Perché quello del call center di Padova è un caso a sé
17 Aprile 2008
I lavoratori dei call center che prestano servizio nella
struttura di una società hanno diritto ad un contratto di lavoro subordinato
dal momento che utilizzano attrezzature e materiale aziendale e non possono
essere considerati, dal datore, come lavoratori autonomi. Lo ha sottolineato la
Suprema Corte di Cassazione con la sentenza 9812 della sezione lavoro.
Con
questo verdetto la Suprema Corte ha respinto il ricorso della Solidea sas, una
società di Padova che aveva un call center nel settore pubblicitario. Si è
chiusa così una lunga vicenda giudiziaria che aveva percorso tutti i gradi del
giudizio di merito prima di arrivare alla sentenza che ha chiuso il caso.
La
notizia, anticipata con notevole evidenza da un grande quotidiano, è subito
rimbalzata al Ministero del Lavoro.
Il ministro uscente (e non rientrante per
un bel numero di anni) Cesare Damiano, ha rilasciato una dichiarazione con la
quale attribuisce a se stesso il merito dell’esito positivo della vertenza e
del contenzioso.

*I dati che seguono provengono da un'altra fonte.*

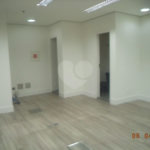 Conjunto comercial na Vila Olimpia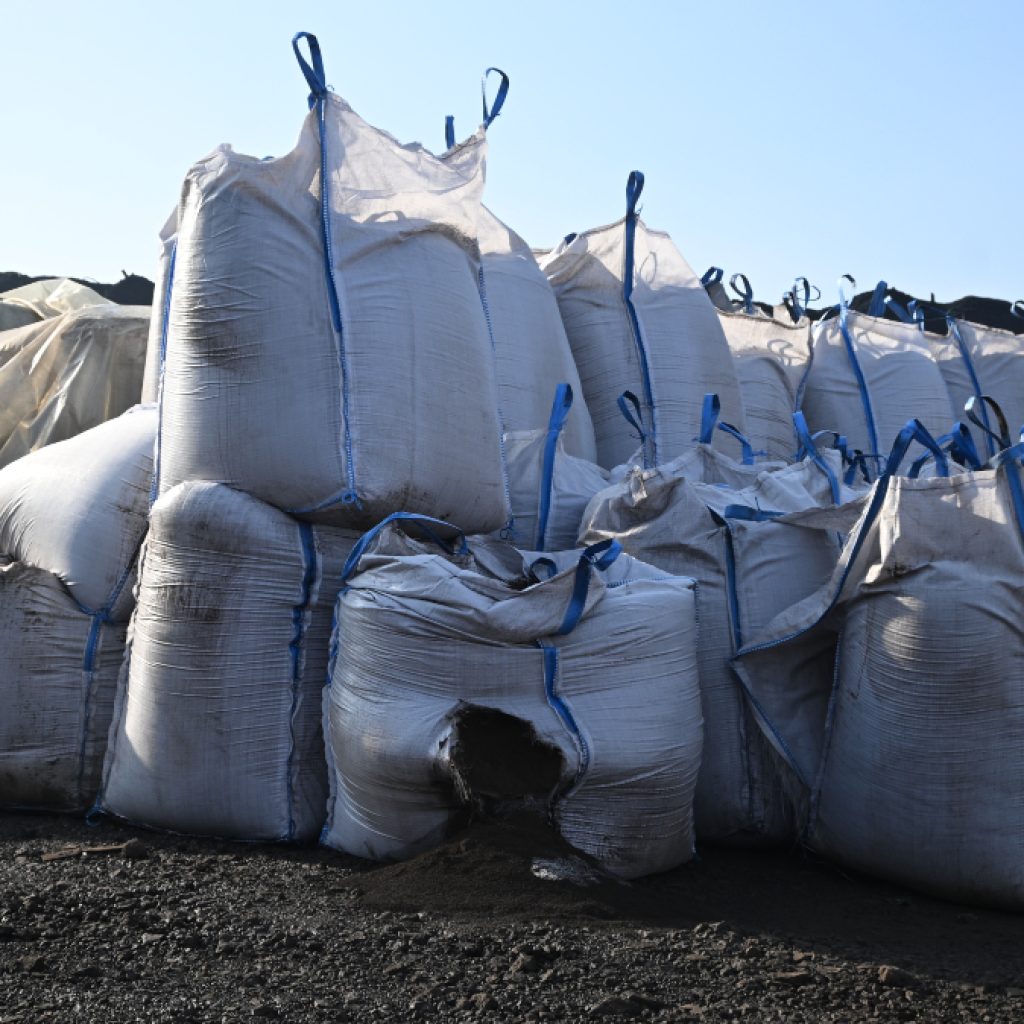 Измерени над 9,5 илјади тони прашина зад „Макстил“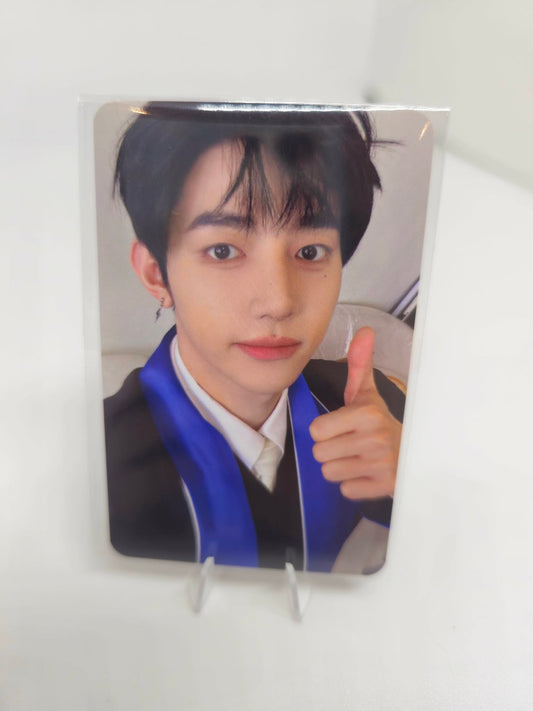 ZEROBASEONE – RE-FLOW Musicplant POB Official Photocard (Hang Zao)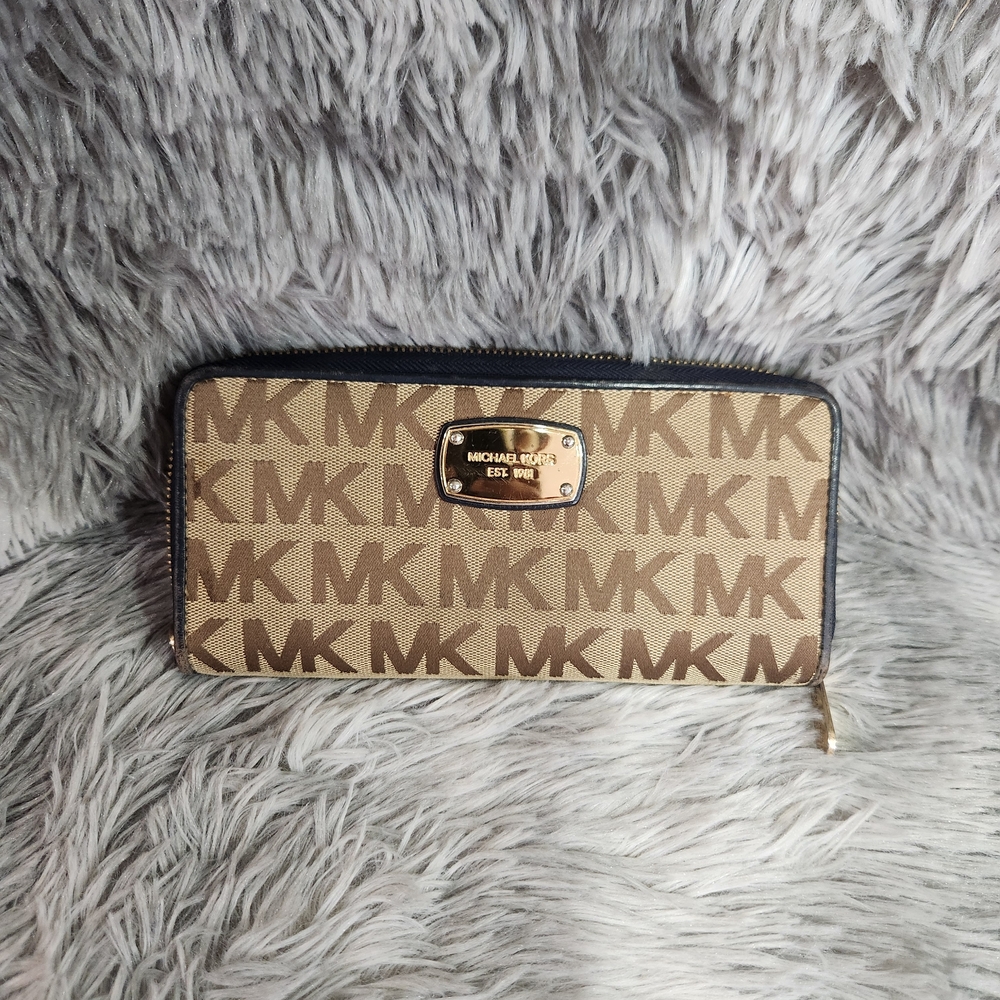 Michael Kors Brown Long Wallet EUC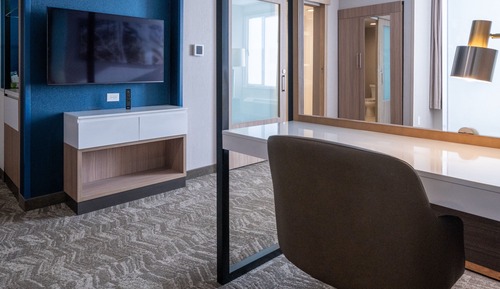 Suite, 1 King Bed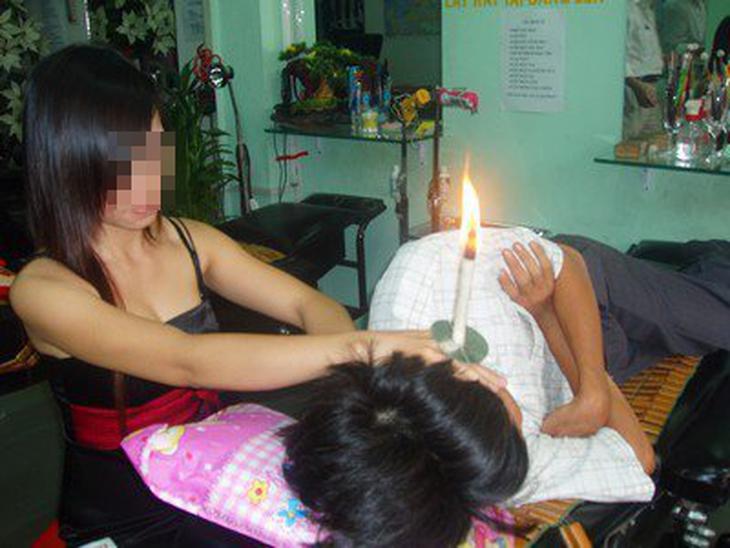 Dính bệnh vì 'thú vui' từ tiệm hớt tóc 1
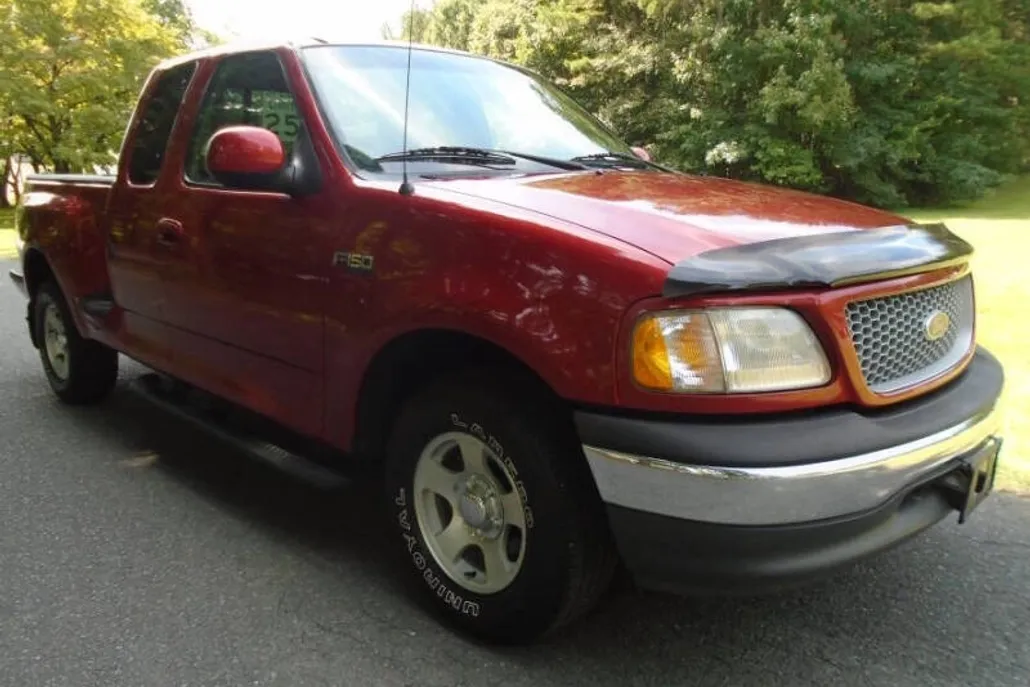 1999 Ford F-150 XLT photo 1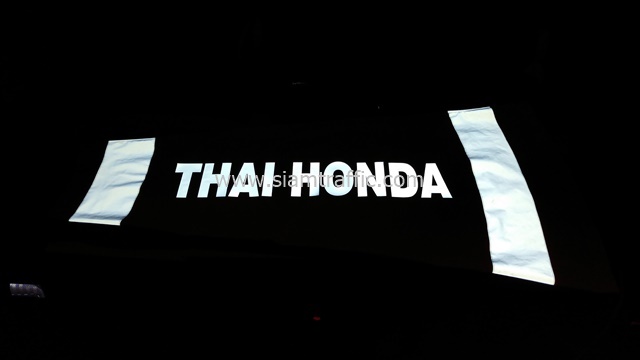 ถุงลมบอกทิศทางลมสะท้อนแสงสีส้ม รีดข้อความสะท้อนแสง THAI-HONDA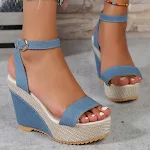 Sandali con tacco alto in denim da donna con cinturino alla caviglia. Un mix perfetto di stile e comfort per un look femminile e alla moda. — foto 6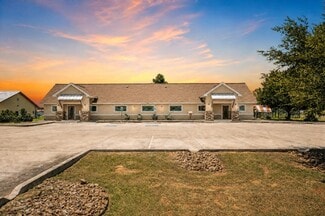 More details for 140 Paloma Dr, Floresville, TX - Office for Lease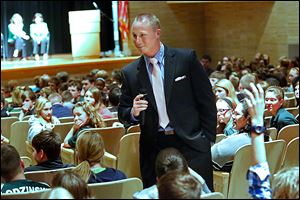 Merrill Eisenhower Atwater, great-grandson of President Dwight D. Eisenhower, center, takes questions from Eisenhower students during his keynote address Friday afternoon in Oregon.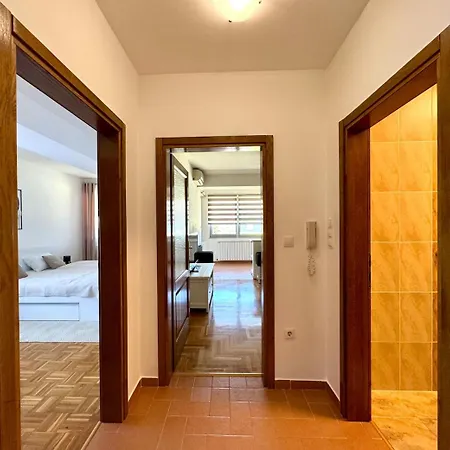Modern & Complete 2bdr With Free Parking Sarajevo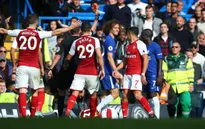 David Luiz vào bóng rợn người, Conte vẫn… kêu oan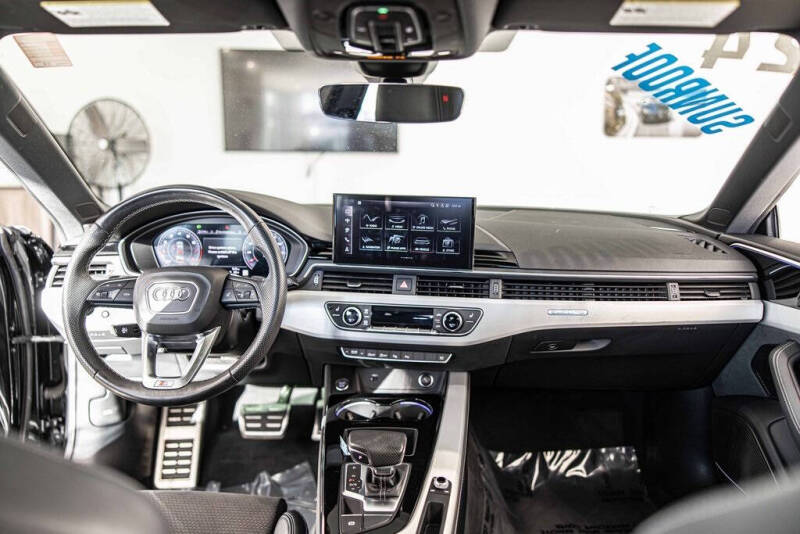 2024 Audi A5 Sportback quattro S line Prestige 45 TFSI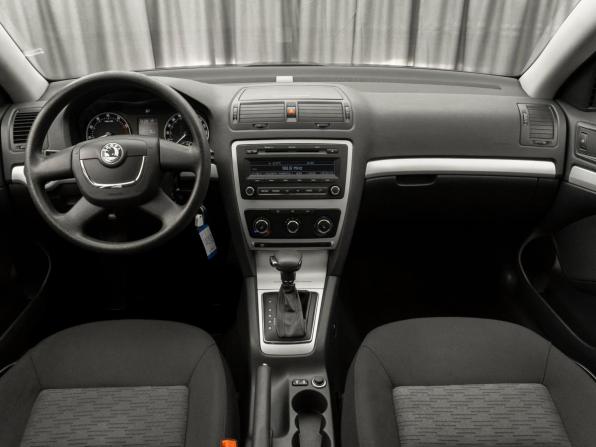 Skoda Octavia II (A5) Рестайлинг с пробегом 2011 года, цена 980 000 рублей, 165141 км, лифтбек, Автокод Объявления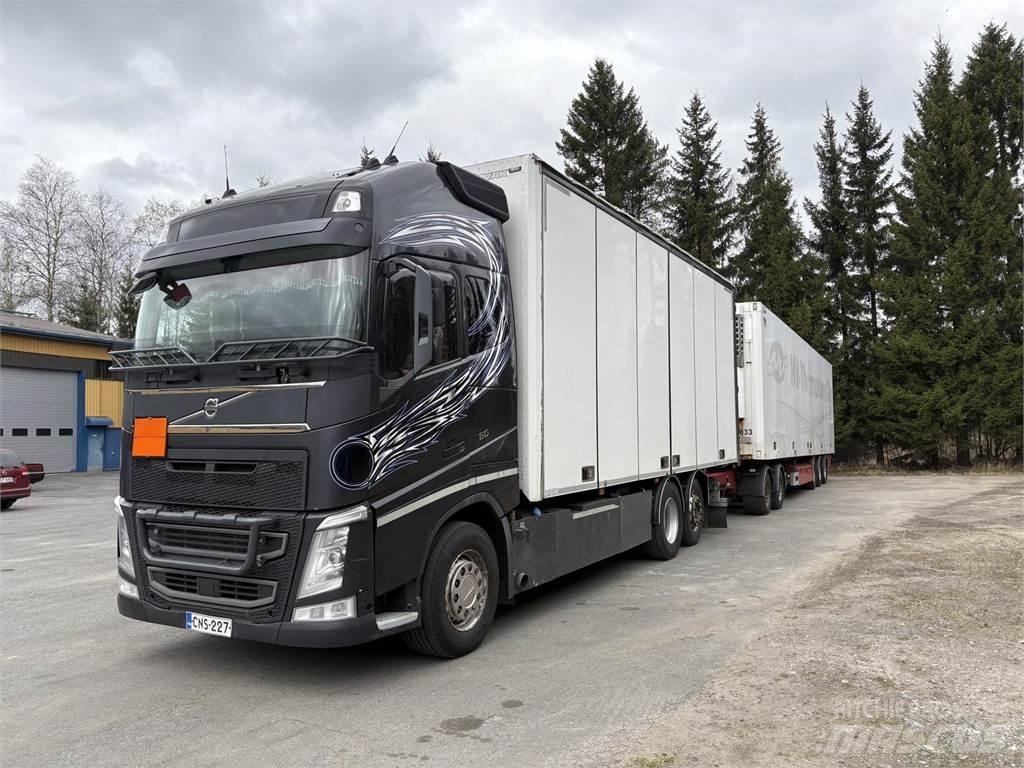 Volvo FH13 460 Dobozos teherautók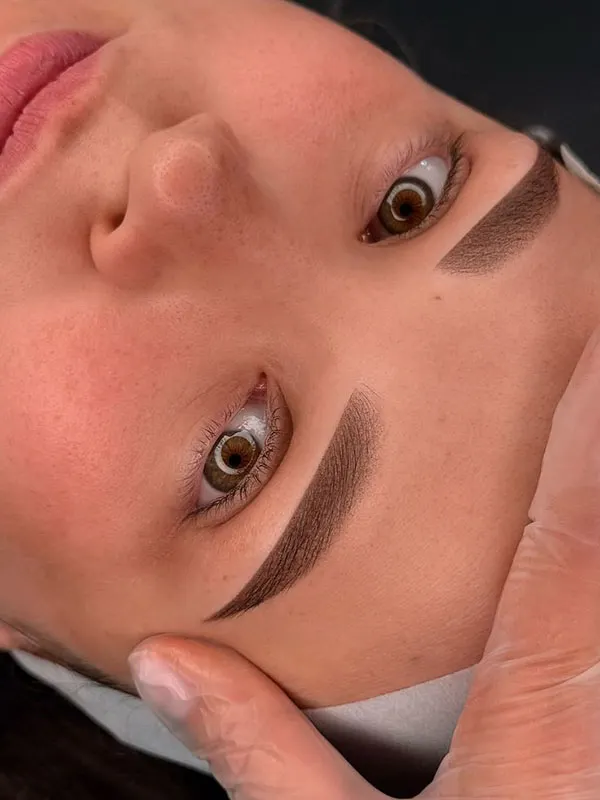33 مدل برداشتن ابرو دخترانه؛ از ابروی صاف تا قوسدار! 36 Eyebrow removal model 32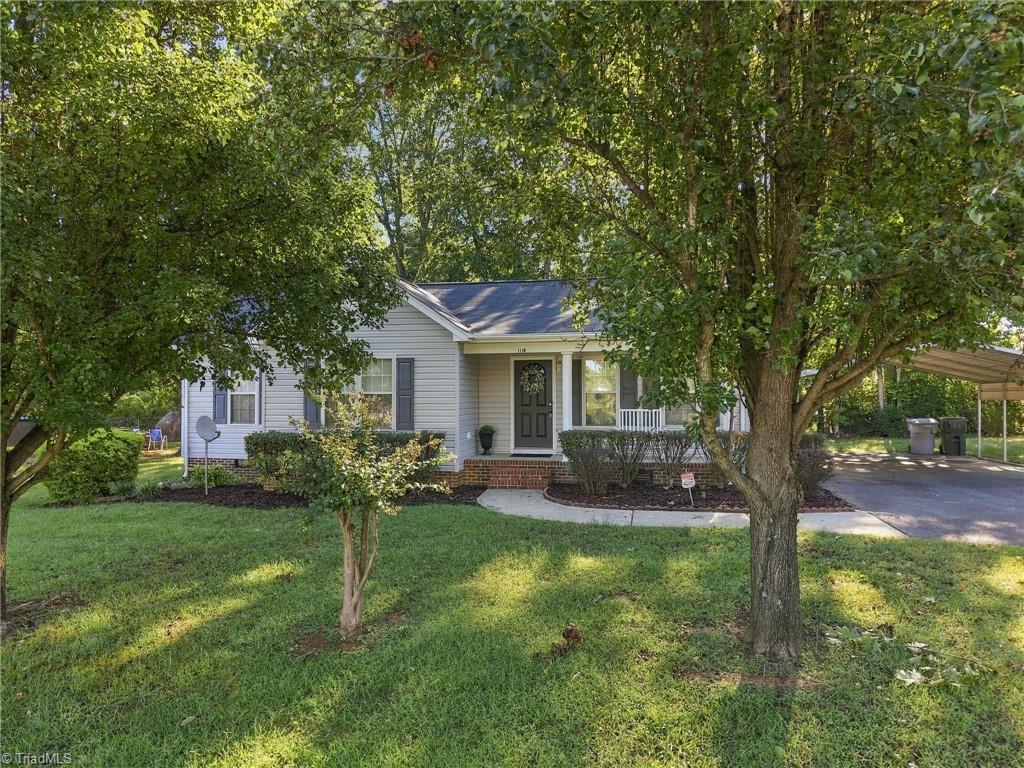 Photo of 1716 Pine Knoll Court, Asheboro, NC 27203 (MLS # 1237122)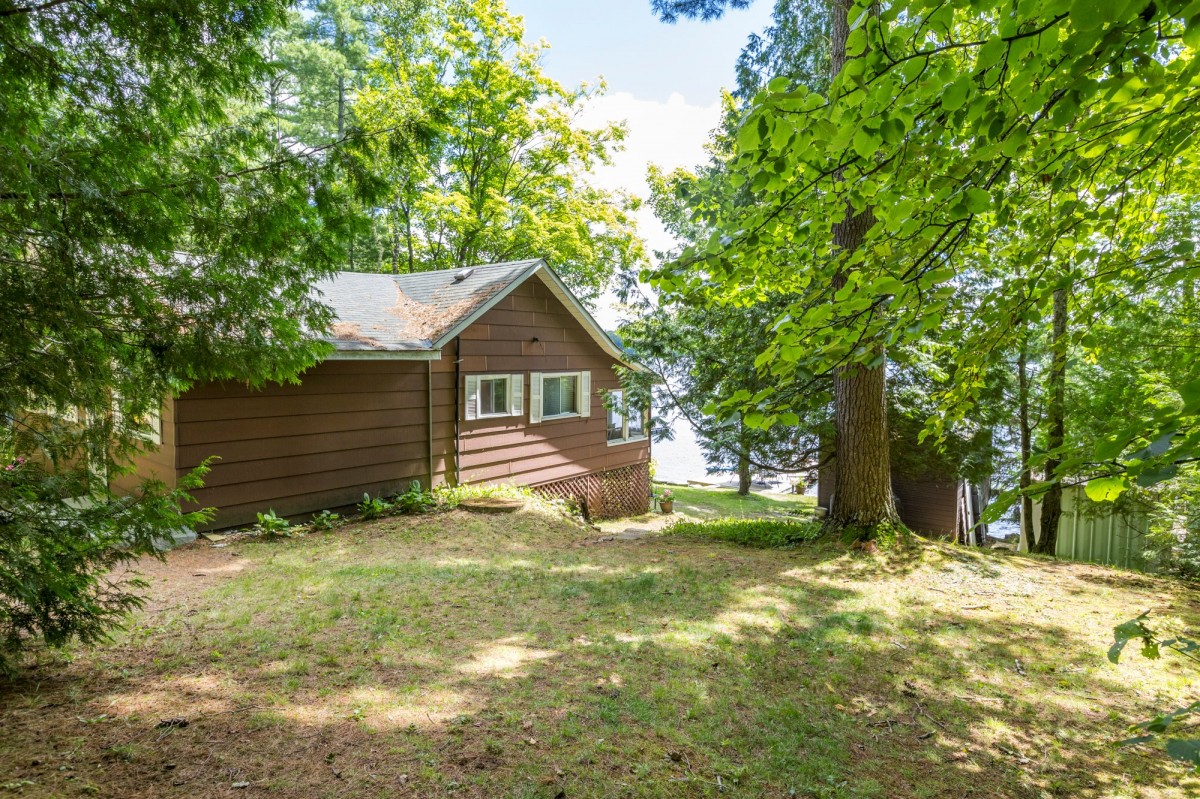 93 WEST CLEAR BAY ROAD, Trent Lakes, Ontario, Canada
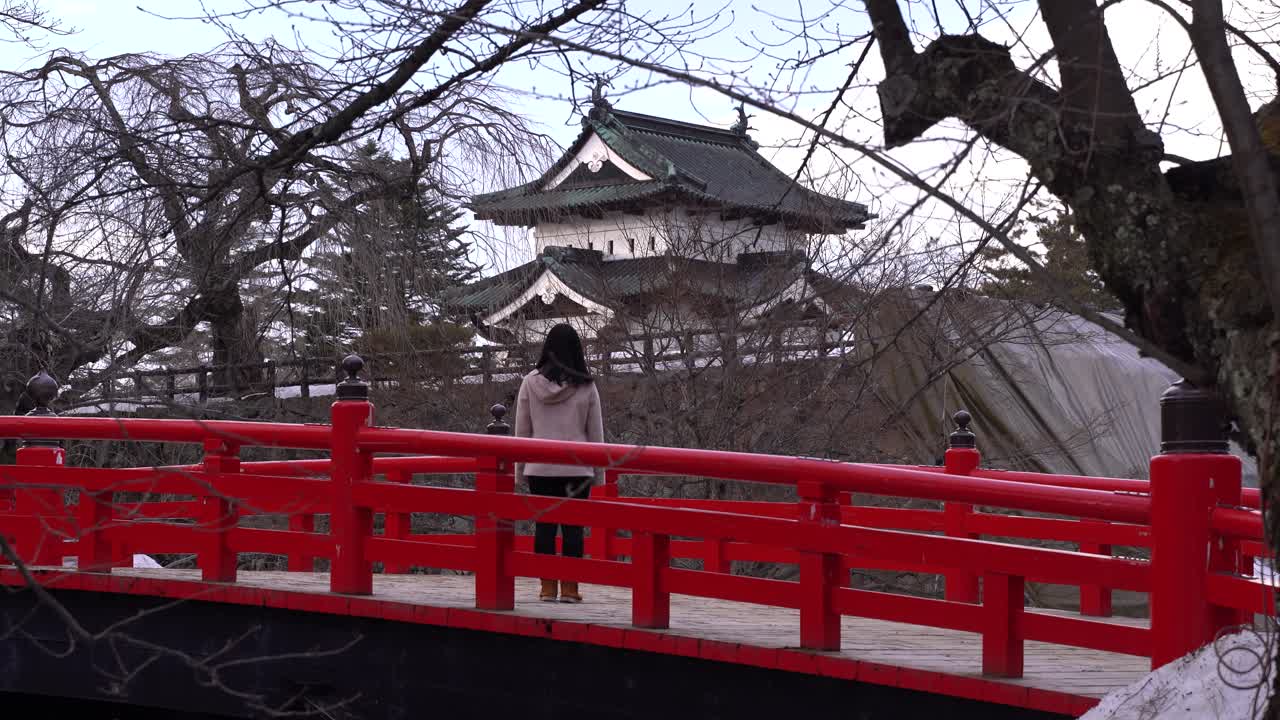 impresionantes paisajes en el norte de japón con turista femenina mirando hacia el castillo de hirosaki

Pur senza negare a Cesare quel che spetta a Cesare è bene tentare sinteticamente
qualche ulteriore considerazione, prima che il caso della ditta padovana venga
arruolato nelle crociate contro il precariato che da anni ammorbano l’aria (ce
le troviamo nei libri e al cinema, nei talk show televisivi) senza portare – a
conti fatti – molta fortuna elettorale ai tanti predicatori.
Va ricordato,
innanzi tutto, che le sentenze – anche quelle della Cassazione – “fanno
stato” solo nella concreta fattispecie condotta in giudizio.
Si vede,
allora, che nel caso concreto di quei lavoratori ricorrenti, la Corte ha
individuato le caratteristiche di un rapporto di lavoro dipendente. E
doverosamente ha condannato l’azienda ad assumere in modo corretto quel
personale, con tutte le conseguenze retributive e previdenziali previste. Nulla
da dire. Salvo ricordare un principio generale del diritto secondo il quale
ogni tipo di lavoro può essere eseguito avvalendosi di un rapporto lavorativo
differente.
Pertanto sono soltanto quei lavoratori, occupati in quel particolare call
center ad esser stati considerati alle dipendenze. Non è detto, così, che la
medesima qualificazione valga per tutti coloro che svolgono tale attività (da
noi sono circa 220mila, anche se la sinistra ne parla con la stessa foga che
quarant’anni or sono dedicava a milioni
di tute blu). Chiamati nuovamente a
pronunciarsi i giudici sarebbero tenuti ad interpretare le leggi vigenti
applicandole al caso concreto, senza pregiudiziali di alcun tipo.
La seconda
considerazione chiama in causa le circolari citate dal ministro Damiano nella
sua dichiarazione. Tali direttive – solitamente rivolte ai servizi ispettivi
ministeriali e a quelli degli enti previdenziali – non sarebbero mai state possibili in mancanza
della legge Biagi, che ha fornito i criteri per riconoscere e combattere le
collaborazioni fasulle. La medesima opportunità è valsa certamente per la
Suprema Corte.
Torna ad essere provato così che la legge n.30 del 2003 tutela
il lavoro regolare e contrasta quello sommerso, mentre cerca di disciplinare
correttamente i rapporti ‘grigi’, a metà strada tra il lavoro dipendente e
quello autonomo, che esistevano ben prima dell’avvio, nel 1997, della moderna
legislazione del lavoro. Si tratta di
tipologie lavorative, diffuse ovunque, che non sono nate dalla perfidia delle norme volute dai governi
‘nemici dei lavoratori’, ma dal mercato e dall’esigenza di liberarsi il più
possibile dei soliti lacci e laccioli. Una riflessione conclusiva sui problemi posti dalla sentenza ci induce
ad intervenire a ‘gamba tesa’ nel dibattito aperto sulla questione del lavoro
precario.
Diceva George Danton che le persone sono titolari soltanto di quei
diritti che esse sono capaci di difendere. E come si può far valere un diritto
nel mondo del lavoro? In diversi modi,
ma solo in quelli: col negoziato sindacale sostenuto dall’esercizio del diritto
di sciopero oppure rivolgendosi al proprio giudice naturale (“ci sarà pure un
giudice a Berlino?” si chiedeva quel contadino ai tempi di Federico il Grande).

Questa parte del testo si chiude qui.